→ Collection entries
━━━━━━━━━━━━━━━━━━━━━━━━━━━━━━
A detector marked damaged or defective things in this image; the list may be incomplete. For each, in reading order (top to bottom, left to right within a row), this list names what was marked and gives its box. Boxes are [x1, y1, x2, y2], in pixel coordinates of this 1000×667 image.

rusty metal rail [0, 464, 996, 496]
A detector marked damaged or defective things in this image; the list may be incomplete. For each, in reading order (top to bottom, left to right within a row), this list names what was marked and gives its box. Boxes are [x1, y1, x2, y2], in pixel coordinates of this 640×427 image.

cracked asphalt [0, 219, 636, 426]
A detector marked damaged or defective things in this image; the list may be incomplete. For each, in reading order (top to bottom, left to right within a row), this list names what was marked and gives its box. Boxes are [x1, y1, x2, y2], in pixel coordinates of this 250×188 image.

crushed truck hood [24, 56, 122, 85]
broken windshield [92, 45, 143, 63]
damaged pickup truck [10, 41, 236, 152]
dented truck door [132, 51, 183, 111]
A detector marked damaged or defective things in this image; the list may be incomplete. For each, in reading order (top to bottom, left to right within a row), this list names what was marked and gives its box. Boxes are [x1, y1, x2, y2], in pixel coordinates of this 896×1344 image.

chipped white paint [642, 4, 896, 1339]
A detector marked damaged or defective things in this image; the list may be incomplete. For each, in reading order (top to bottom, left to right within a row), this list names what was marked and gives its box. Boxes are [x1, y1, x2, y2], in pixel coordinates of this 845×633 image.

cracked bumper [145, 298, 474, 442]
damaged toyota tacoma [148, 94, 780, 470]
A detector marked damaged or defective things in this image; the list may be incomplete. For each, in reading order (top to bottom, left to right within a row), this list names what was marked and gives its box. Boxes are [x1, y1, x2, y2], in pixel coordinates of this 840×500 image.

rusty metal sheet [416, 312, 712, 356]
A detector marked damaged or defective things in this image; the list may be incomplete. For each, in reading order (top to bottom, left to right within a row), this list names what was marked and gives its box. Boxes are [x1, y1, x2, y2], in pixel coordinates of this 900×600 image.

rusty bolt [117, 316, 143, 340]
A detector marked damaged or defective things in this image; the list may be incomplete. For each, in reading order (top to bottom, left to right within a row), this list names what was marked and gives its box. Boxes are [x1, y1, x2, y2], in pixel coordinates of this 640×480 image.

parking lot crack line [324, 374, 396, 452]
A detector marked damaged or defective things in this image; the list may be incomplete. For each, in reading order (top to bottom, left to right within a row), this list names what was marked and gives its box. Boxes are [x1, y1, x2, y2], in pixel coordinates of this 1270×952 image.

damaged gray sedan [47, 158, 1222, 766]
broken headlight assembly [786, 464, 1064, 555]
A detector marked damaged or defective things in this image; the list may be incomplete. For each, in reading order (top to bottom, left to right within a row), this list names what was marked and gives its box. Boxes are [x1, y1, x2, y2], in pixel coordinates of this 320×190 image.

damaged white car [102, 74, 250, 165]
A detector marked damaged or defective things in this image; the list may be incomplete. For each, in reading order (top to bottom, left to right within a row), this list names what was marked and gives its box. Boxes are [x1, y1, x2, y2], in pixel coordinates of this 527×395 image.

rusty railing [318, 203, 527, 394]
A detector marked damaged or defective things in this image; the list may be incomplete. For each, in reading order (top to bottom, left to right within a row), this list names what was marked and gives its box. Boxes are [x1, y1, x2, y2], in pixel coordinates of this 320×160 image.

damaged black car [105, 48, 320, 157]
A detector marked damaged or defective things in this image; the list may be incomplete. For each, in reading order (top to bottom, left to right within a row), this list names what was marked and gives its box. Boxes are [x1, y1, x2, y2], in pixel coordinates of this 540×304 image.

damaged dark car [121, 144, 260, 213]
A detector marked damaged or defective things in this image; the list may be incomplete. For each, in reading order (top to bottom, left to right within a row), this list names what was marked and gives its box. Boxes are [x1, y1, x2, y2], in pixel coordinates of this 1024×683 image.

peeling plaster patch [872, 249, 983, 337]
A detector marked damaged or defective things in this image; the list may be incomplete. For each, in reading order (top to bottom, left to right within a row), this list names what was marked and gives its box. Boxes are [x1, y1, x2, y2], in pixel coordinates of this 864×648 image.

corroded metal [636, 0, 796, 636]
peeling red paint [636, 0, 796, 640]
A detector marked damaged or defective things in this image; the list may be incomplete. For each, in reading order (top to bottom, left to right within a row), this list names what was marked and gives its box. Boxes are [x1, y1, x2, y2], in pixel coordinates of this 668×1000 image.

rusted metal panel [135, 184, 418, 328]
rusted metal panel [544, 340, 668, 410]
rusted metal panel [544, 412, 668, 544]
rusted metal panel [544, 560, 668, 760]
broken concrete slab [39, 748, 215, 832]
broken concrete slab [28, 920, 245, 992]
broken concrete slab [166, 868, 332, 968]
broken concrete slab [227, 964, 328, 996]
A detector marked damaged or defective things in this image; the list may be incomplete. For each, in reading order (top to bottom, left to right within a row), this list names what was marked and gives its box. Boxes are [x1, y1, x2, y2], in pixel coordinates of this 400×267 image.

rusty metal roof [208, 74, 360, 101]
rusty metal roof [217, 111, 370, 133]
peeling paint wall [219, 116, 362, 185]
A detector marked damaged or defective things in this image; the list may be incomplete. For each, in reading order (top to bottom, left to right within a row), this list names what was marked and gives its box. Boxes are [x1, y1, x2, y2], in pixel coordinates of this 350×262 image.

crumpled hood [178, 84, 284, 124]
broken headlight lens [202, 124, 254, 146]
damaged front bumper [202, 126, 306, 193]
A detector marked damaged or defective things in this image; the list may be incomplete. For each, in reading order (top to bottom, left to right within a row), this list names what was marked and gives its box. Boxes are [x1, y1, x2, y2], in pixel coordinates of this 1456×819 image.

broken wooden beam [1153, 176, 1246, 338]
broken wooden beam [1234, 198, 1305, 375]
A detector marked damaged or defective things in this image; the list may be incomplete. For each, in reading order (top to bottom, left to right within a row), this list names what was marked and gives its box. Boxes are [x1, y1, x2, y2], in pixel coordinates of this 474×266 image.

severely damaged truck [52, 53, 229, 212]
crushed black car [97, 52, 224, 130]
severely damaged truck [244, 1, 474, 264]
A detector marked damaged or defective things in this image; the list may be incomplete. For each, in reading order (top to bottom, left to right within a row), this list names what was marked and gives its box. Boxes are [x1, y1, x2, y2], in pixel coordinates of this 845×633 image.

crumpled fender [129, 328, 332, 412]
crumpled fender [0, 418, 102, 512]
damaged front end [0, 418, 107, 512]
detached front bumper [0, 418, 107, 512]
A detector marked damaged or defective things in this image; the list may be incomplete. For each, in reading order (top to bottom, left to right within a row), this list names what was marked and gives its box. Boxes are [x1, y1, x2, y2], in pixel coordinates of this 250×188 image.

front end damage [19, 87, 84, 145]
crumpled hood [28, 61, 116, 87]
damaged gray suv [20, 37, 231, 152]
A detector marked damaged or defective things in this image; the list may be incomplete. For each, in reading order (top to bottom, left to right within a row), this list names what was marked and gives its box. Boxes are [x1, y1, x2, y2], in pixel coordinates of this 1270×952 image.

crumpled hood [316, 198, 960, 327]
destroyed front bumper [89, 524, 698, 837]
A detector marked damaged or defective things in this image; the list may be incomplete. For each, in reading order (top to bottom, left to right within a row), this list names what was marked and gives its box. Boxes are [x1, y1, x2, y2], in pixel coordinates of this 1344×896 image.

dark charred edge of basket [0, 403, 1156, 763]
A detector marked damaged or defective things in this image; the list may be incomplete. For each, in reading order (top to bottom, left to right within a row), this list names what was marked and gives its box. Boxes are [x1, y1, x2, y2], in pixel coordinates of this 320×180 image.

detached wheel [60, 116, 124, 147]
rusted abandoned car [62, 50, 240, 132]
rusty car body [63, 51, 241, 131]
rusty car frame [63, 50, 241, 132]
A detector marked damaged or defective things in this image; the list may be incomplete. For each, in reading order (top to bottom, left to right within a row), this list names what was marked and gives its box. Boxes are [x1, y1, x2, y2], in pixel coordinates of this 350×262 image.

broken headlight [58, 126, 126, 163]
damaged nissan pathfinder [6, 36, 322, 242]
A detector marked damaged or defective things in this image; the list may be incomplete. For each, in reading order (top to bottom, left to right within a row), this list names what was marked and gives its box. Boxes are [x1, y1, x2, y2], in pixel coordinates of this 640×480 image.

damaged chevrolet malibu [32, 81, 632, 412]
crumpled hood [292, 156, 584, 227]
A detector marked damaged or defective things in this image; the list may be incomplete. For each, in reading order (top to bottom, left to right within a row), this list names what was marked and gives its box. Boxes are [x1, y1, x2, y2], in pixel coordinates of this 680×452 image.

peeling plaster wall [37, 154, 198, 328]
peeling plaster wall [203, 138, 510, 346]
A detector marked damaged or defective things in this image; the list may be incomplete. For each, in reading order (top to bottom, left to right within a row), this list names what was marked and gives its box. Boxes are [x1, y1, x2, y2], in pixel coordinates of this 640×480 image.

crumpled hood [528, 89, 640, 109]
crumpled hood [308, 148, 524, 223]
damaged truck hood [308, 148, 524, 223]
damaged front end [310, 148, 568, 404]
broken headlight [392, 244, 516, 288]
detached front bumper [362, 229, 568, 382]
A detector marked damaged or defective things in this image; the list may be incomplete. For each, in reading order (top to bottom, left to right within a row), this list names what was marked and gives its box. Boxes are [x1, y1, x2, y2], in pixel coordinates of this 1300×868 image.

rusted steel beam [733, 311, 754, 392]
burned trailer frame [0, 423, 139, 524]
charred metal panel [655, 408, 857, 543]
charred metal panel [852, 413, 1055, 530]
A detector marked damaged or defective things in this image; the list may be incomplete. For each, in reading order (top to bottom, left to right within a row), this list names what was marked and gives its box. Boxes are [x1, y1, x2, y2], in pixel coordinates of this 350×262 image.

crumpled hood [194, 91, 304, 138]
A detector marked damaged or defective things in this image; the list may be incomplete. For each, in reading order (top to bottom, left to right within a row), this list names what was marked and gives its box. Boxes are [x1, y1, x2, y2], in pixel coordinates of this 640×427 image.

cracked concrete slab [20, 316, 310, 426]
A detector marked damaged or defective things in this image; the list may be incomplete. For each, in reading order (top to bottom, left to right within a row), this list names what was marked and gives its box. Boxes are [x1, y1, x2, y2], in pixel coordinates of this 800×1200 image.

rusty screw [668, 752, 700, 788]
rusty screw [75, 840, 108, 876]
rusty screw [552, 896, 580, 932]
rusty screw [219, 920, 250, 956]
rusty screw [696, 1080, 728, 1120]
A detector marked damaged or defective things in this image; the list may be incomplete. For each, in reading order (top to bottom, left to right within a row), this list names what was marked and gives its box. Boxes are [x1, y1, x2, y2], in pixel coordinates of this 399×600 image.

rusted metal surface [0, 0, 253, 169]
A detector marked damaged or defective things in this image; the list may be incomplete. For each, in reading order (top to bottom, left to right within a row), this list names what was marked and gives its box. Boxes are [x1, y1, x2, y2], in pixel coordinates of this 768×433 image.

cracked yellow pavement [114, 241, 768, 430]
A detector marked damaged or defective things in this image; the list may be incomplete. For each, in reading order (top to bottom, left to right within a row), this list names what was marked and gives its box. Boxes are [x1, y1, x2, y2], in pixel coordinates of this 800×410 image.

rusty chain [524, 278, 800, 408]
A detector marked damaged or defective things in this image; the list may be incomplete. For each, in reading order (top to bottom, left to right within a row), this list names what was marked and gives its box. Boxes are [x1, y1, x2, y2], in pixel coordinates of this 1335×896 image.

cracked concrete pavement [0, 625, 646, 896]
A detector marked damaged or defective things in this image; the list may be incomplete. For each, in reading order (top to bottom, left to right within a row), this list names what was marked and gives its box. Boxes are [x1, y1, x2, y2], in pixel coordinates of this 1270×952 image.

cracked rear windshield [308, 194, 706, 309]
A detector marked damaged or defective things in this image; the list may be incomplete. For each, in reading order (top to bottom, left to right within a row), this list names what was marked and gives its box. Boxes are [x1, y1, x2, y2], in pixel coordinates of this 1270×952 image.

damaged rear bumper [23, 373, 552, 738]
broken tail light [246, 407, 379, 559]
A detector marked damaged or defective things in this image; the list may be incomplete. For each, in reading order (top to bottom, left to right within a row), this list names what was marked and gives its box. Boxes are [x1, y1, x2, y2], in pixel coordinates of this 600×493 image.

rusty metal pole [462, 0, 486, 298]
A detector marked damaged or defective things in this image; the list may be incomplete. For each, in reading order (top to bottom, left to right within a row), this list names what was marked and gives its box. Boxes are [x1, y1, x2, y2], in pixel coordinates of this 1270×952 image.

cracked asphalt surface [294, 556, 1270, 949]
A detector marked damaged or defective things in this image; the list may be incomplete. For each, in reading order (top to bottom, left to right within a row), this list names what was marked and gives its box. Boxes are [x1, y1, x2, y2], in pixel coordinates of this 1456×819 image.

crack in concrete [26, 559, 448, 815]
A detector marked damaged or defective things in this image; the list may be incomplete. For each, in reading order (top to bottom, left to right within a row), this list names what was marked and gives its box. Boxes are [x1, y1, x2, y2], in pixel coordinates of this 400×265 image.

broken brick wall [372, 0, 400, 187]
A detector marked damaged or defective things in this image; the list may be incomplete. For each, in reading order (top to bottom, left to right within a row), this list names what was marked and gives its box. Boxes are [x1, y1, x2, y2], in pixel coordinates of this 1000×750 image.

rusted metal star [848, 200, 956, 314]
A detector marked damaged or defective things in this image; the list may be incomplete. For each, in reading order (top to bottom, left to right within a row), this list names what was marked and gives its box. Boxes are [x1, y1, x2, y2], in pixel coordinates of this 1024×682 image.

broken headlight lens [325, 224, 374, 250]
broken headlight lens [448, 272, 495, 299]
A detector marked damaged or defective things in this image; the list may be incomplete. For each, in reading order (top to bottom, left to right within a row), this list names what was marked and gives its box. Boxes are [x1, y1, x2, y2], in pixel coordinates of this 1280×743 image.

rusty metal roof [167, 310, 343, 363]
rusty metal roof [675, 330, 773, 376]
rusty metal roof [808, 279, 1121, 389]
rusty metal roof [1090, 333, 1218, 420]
━━━━━━━━━━━━━━━━━━━━━━━━━━━━━━
→ About this task
Exactly as written, give the line containing "this 1280×743 image." and all remaining lines of the records.

→ Reply to the task
A detector marked damaged or defective things in this image; the list may be incomplete. For each, in reading order (top to bottom, left to right within a row), this list names what was marked and gives its box. Boxes are [x1, y1, x2, y2], in pixel coordinates of this 1280×743 image.

rusty metal roof [167, 310, 343, 363]
rusty metal roof [675, 330, 773, 376]
rusty metal roof [808, 279, 1121, 389]
rusty metal roof [1090, 333, 1218, 420]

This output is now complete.